------ Data for review

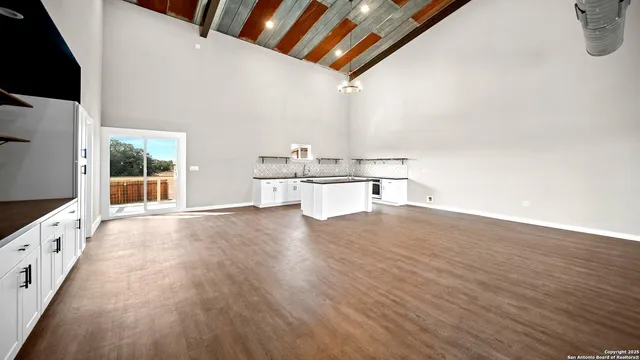 a view of a kitchen with wooden floors and kitchen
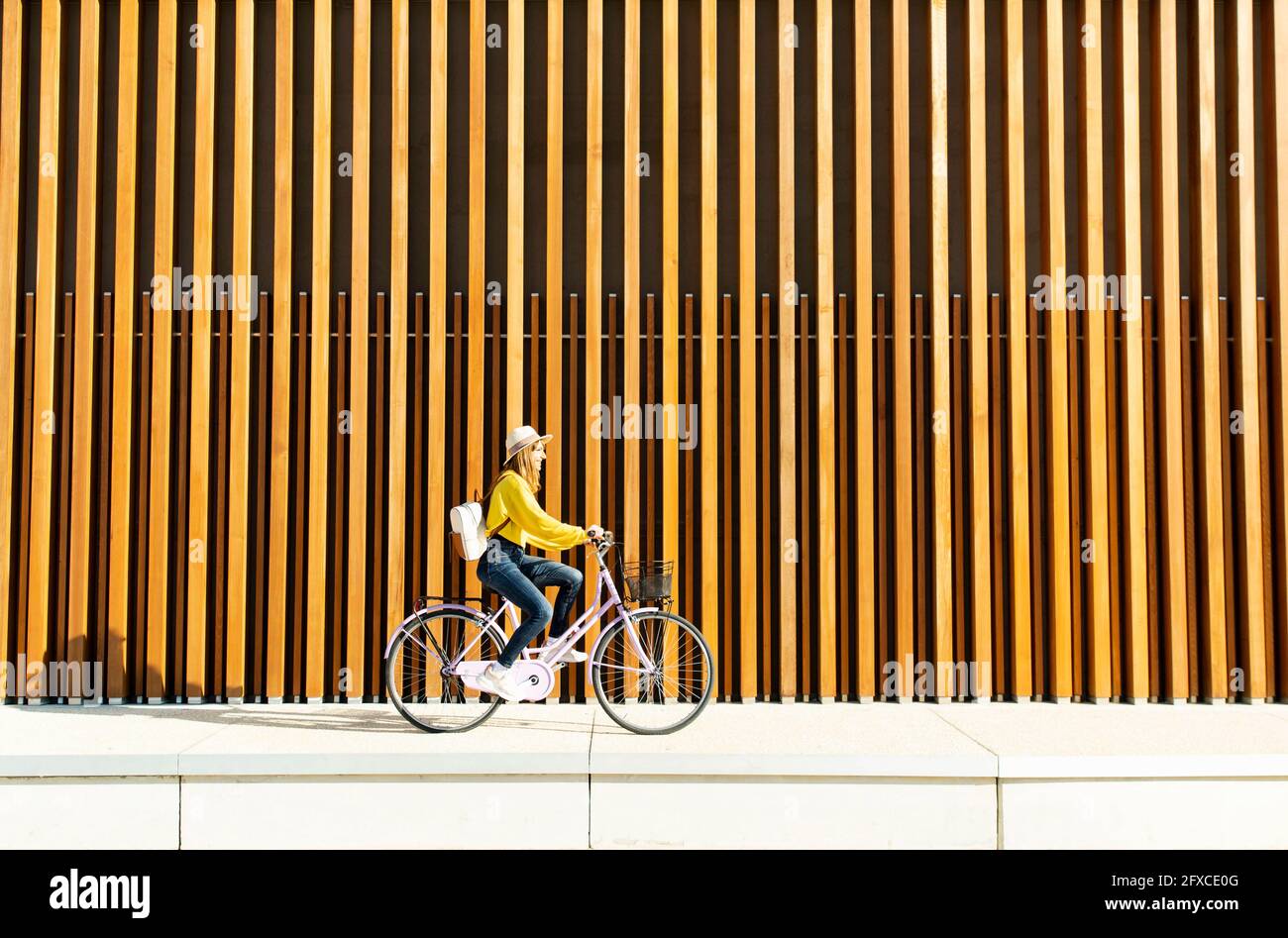 Young woman with backpack cycling bicycle on footpath Stock Photo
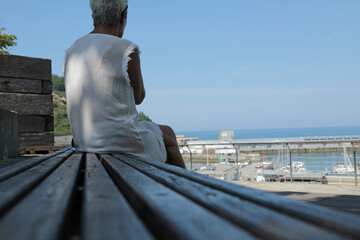 mujer mayor sola pensativa sentada mirando el mar getaria país vasco 4M0A1014-as24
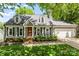 Charming home featuring a well-manicured front yard, gray siding, black shutters, and a red front door at 540 Garrison Sw Ct, Concord, NC 28025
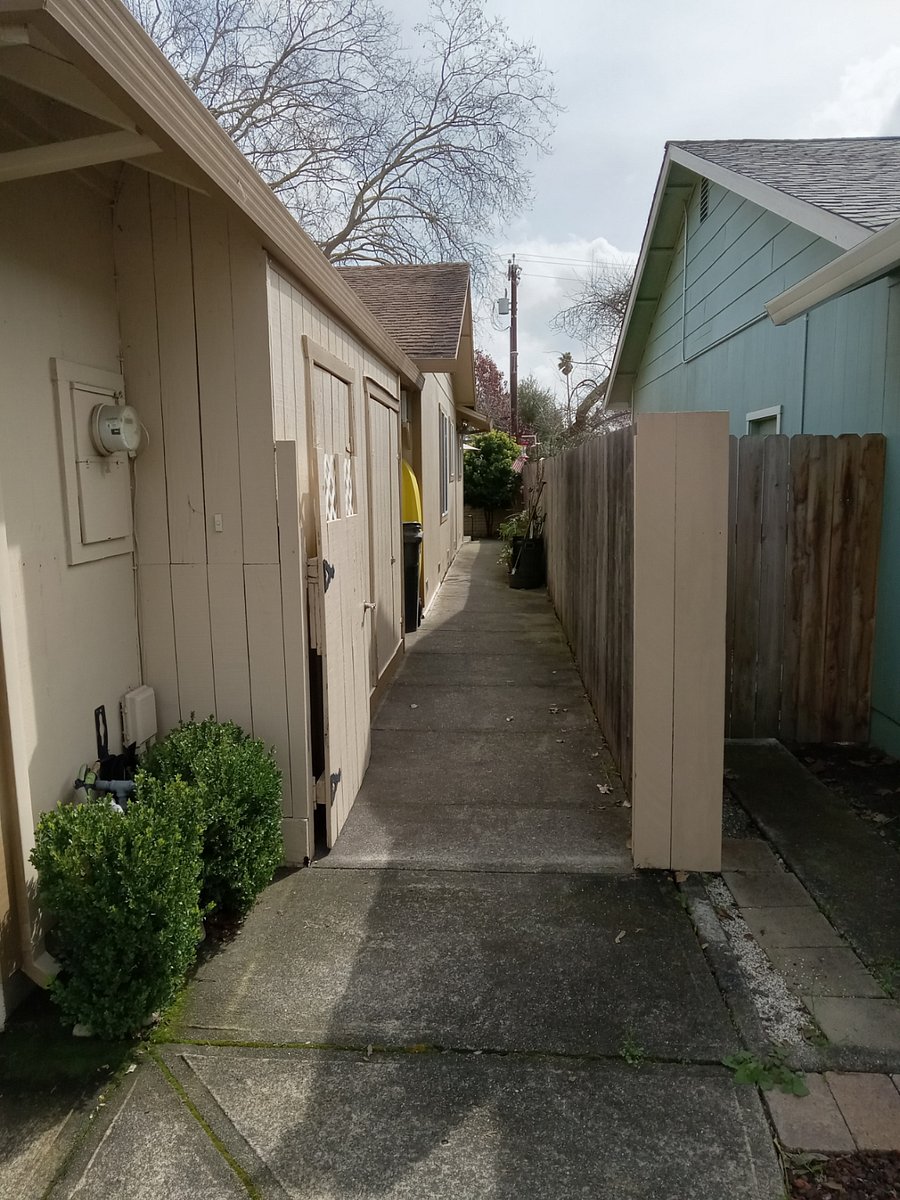 Walkway to rear deck and entry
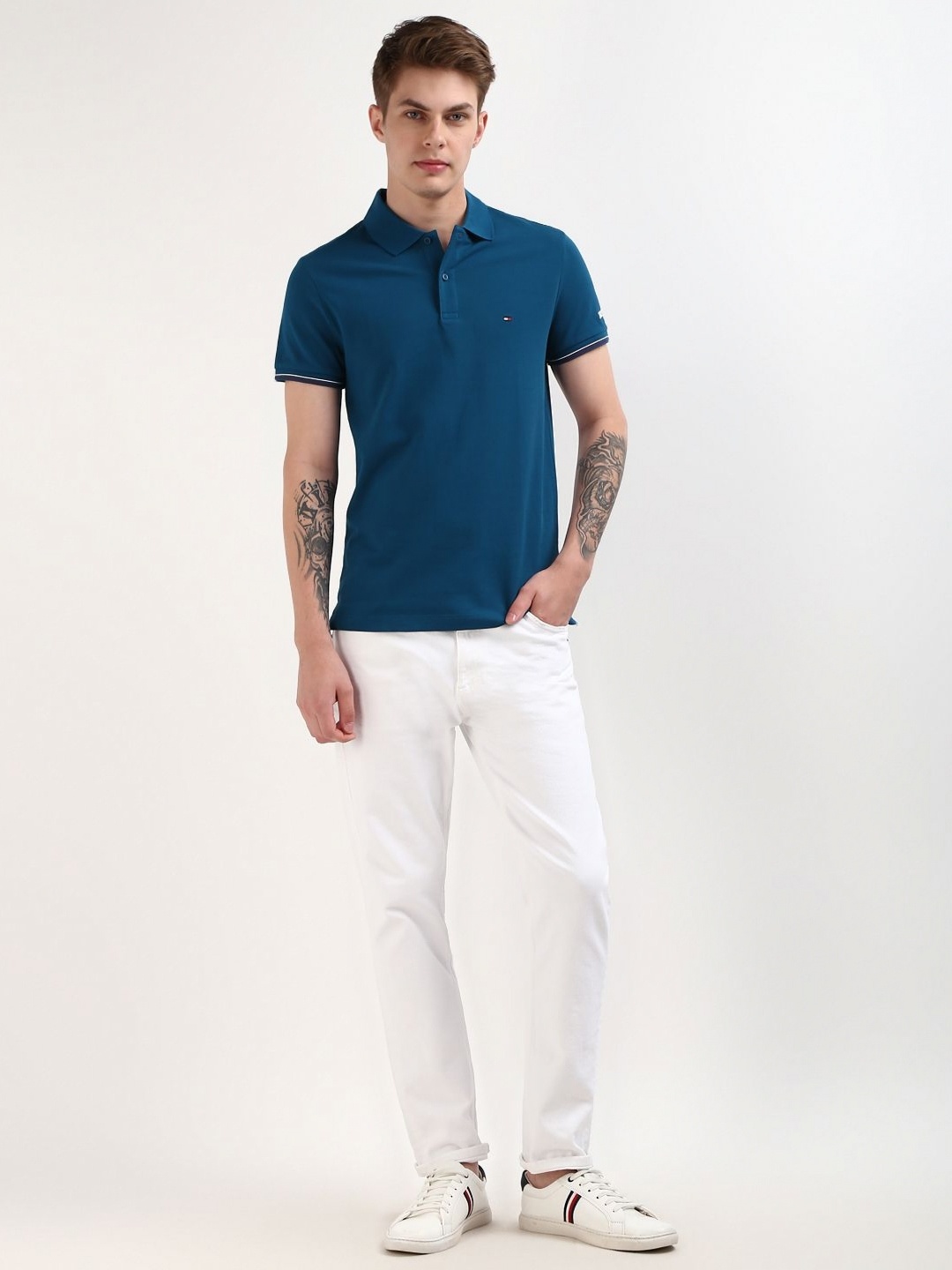 

Tommy Hilfiger Men Solid Polo Collar Organic Cotton Slim Fit T-shirt, Blue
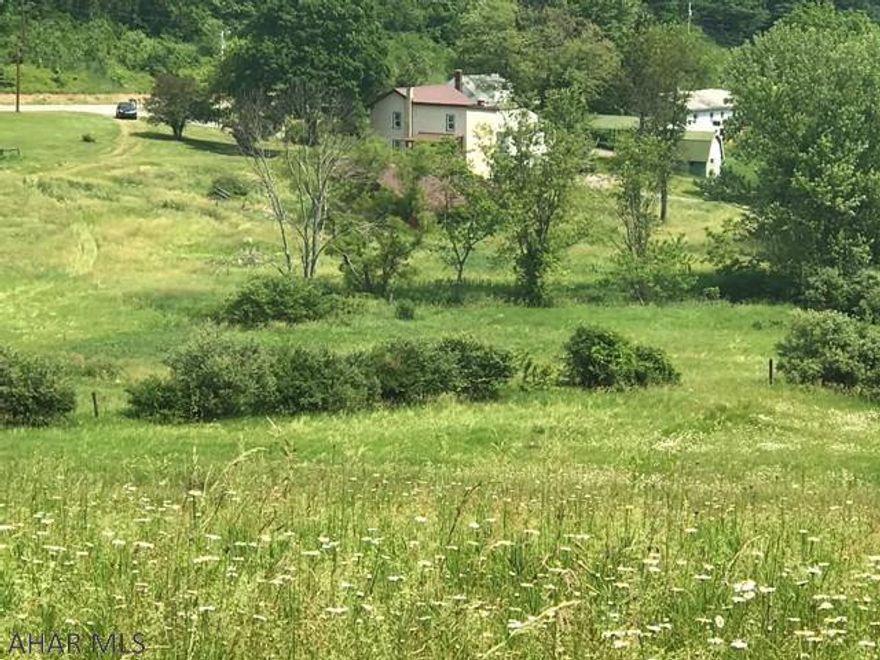 Updated farmette with 10 scenic acres. Enjoy the comforts of country living in this updated farmette with 10 scenic acres which include walking and or riding trails that take in gorgeous panoramic views of the Allegheny Mountains. Updates include metal roof, refinished flooring, thermo pane windows, siding, sink, interior painting, bathroom vanity, sink and toilet, wiring, hot water baseboard heat and newer sand mound and new well pump. Property also includes a main floor master bedroom, a 5 stall horse barn, fenced acres, tillable acres, stream and pond. so much for so little. A must see property located between Cumberland MD and Historic Bedford. Move in ready!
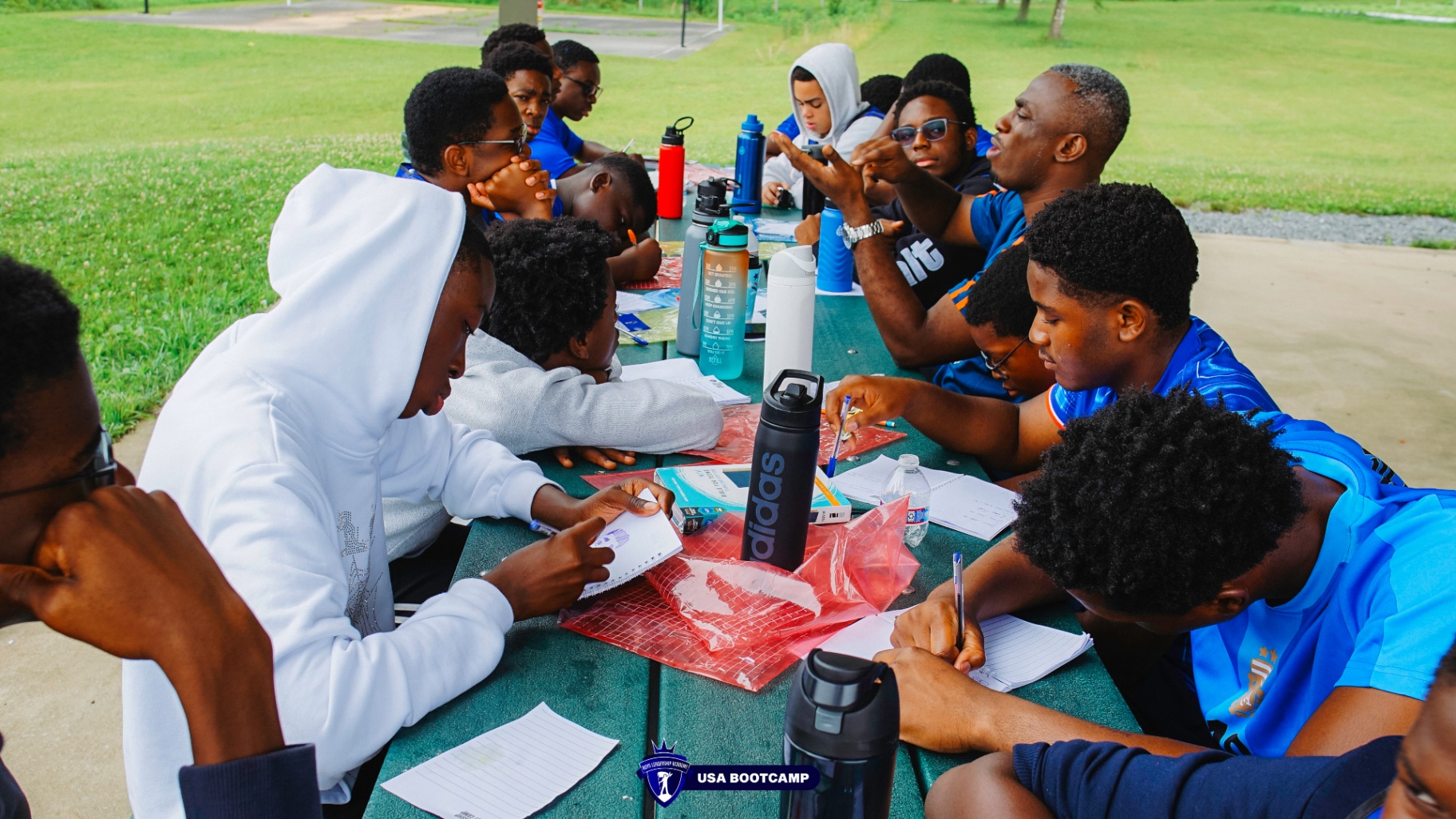 Boys working around a picnic table on a group activity.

------------

Starting at the first line of the data, set down each line exactly until you have copied the line with "mujer mayor sola", but leave the pictures out.

▶ **Answer section**:
 a view of a kitchen with wooden floors and kitchen
 Young woman with backpack cycling bicycle on footpath Stock Photo
 mujer mayor sola pensativa sentada mirando el mar getaria país vasco 4M0A1014-as24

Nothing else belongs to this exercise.